Mexican Baseball League championship becomes referendum on foreign players
By Jonathan Clark

This story was originally published in the Mexico edition of The Miami Herald on Sept. 7, 2005.

SALTILLO, Coahuila - On the surface, the Mexican Baseball League championship series between the Puebla Tigres the Saltillo Saraperos is a showdown between two similarly constructed teams.

During the regular season, Puebla and Saltillo slugged their way to first and second place in team batting average, on-base percentage and runs scored. They were also first and fourth in the 16-team league, respectively, in home runs and slugging percentage. When it comes to strategy, the Tigres and Saraperos are all about overwhelming offense.

But in their labor practices, the two teams follow quite different approaches.

The Tigres, by design, field a roster comprised entirely of Mexican players. That's part of a policy of "Mexicanization" that the organization implemented last winter to promote the development of domestic talent during the Tigres' 50th anniversary campaign.

The Saraperos, on the other hand, have stocked their team with the maximum number of foreign players allowed by the league - six - in their effort to bring Saltillo its first Mexican Baseball League title in 35 years of existence. The team features three Americans, two Dominicans and one Cuban national in addition to an American manager.

Talk of this Mexican-versus-foreigner rivalry has dominated the run-up to the series and has been one of the hottest issues in Mexican professional sports during the past year. The debate illustrates the deep ambivalence still felt here over the presence of foreigner workers and firms in Mexico - a nation that only began to open its economy to foreign competition when it joined the General Agreement on Trade and Tariffs, or GATT, in 1986. The argument that Mexico should protect its athletes echoes similar arguments about protecting Mexican manufacturing jobs against competition from Asia, or shielding the nation's culinary tradition from the likes of McDonald's and Burger King.

Last winter, at approximately the same time that the Tigres and Mexico City Diablos Rojos (the two teams are considered the Yankees and Dodgers of Mexican baseball) were announcing their plans for Mexicanization, the nation's first division soccer league decided it would allow teams to increase their allotment of foreign players from four to five for the upcoming 2005 season. However, lawmakers in the leftist-dominated Mexico City Assembly denounced the move and threatened an emergency change to the local Public Events Law to prohibit soccer clubs with five foreigners from playing in the capital.

"We must protect our national soccer players and not allow that other interests put Mexican players at a disadvantage," city lawmaker Alberto Trejo said at the time. The league eventually backed away from the change.

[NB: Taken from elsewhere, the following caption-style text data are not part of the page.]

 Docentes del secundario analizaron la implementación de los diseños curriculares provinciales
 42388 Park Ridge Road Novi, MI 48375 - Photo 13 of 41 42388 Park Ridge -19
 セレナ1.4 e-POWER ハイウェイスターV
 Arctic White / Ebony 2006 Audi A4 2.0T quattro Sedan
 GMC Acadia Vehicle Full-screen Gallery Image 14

For its part, the Mexican Baseball League has long relied on foreign players to bolster its ranks. The league began in the 1920s by recruiting top stars from the U.S. Negro Leagues, including Hall of Famers Satchel Paige and Josh Gibson. During the 1940s, the league competed directly with U.S. Major League Baseball for talent, at one point signing away 18 major leaguers for the 1946 season. Since then, players from the United States, Cuba, Venezuela and the Dominican Republic have featured prominently among the league's top stars, spawning some resentment from their locally born teammates.

"I think that a lot of times, the fans look at the foreign players as the stars as the Mexican players as their support," Tigres pitcher Pablo Ortega said. "But what we have shown is that we have the same capability to do the job as a foreigner, and we feel really good about that."

The team's success so far in 2005 - the Tigres finished the regular season with the league's best record before advancing to the finals - has Ortega talking about precedents.

"This is something new that we tried this year, but with the success we've had, it may become a common practice in the league," he said.

In fact, at a weekend press conference, Saraperos team owner Juan Manuel Ley suggested that the Saltillo team might also try to "Mexicanize" its roster. And players say that they are already hearing rumors that the Mexican Baseball League will halve the league-wide cap on foreigners from six to three for the 2006 season.

Saraperos manager Derek Bryant, a Kentucky native with 27 years of experience playing and managing in Mexico, said that such talk adds to the pressure to win.

"If the Tigres were to win the championship, it would definitely send a message to other organizations that they may be able to do with less foreign ballplayers," Bryant said. "So in that sense, it makes it important for us to get this victory in order to protect the foreign players' jobs."

Bryant said that economic factors may make an all-Mexican roster especially appealing to Mexican clubs, since foreign stars often command large contracts.

Fans of the Saraperos, however, suggest that for them, winning supercedes any economic or nationalistic interests.

"I respect what the Tigres have done with a roster of all Mexicans," said Jorge Castro, a Saltillo fan. "But they have the resources to do that kind of thing - they have been around for many years and have developed a strong system to develop Mexican players. But for us in Saltillo, our imported players have allowed our team to compete at a higher level. So if going to all Mexicans would make the Saraperos less competitive, I'm against it."

Note: On Sept. 9, 2005, the Tigres defeated the Saraperos 4-3 to win the Mexican Baseball League championship 4 games to 2. That winter, the league announced that it was reducing its cap on foreign players from six to four for the 2006 season.